Archdiocese of the Antioch Orthodox Church

The Archdiocese of Aleppo (مطرانية حلب للروم الأرثوذكس) is an archdiocese of the Antiochian Orthodox Church. It has been headed by Metropolitan Ephraim of Aleppo since 2021. Its territory includes the entirety of Syria, and parts of Lebanon and Turkey.

==History==
The diocese has existed since at least 1724, serving primarily the Greek and Arab Christian population. In 1818, there was a riot between the Orthodox and Catholic population in Aleppo, and in 1850 there was a pogrom against the Christian community instigated by the Muslim community.

During the Syrian Civil War, the metropolitan Paul Yazigi, along with Syriac Orthodox Archbishop of Aleppo Yohanna Ibrahim by militants on April 22, 2013; as of 2023 they are still missing.

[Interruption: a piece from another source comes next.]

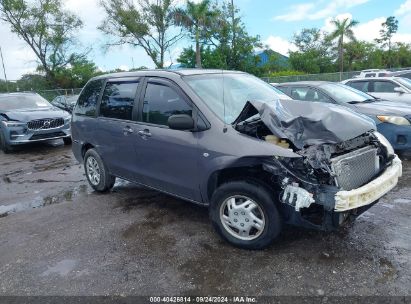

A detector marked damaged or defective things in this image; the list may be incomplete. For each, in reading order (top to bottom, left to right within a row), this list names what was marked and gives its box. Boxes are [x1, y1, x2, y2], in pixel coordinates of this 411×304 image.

damaged gray minivan [71, 70, 402, 249]
crumpled hood [235, 99, 376, 149]
crumpled hood [356, 101, 411, 117]
broken headlight [374, 132, 394, 157]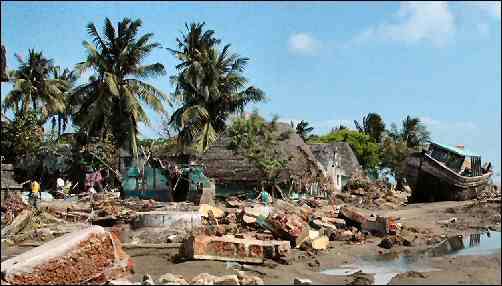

Most of the Christian community has fled due to the ensuring civil war and resulting sectarianism. In December 2024, the Greek government organized a relief effort to evacuate most of the remaining 50 Greek speaking Christian families left in Aleppo.

==List of bishops==

- Nektarios Iordanides (1892 - 1902)
- Epiphanius Al Samra (1902 - 1903)
- Setphanos Mukba (1903 - 1912)
- Raphael Nimer (1912 - 1949)
- Elias Muawad (1949 - 1971)
- Elias Youssef (1971 - 2000)
- Paul Yazigi (2000 - 2021)
  - Basilios Kodseie (2005 - 2010) Archdiocese vicar
- Ephraim Maalouli (2023–present)

==See also==
- Christian Arabs
- Greeks in Syria
- Eastern Orthodoxy in Syria
- Massacre of Aleppo (1850)
- Catholic–Orthodox clash in Aleppo (1818)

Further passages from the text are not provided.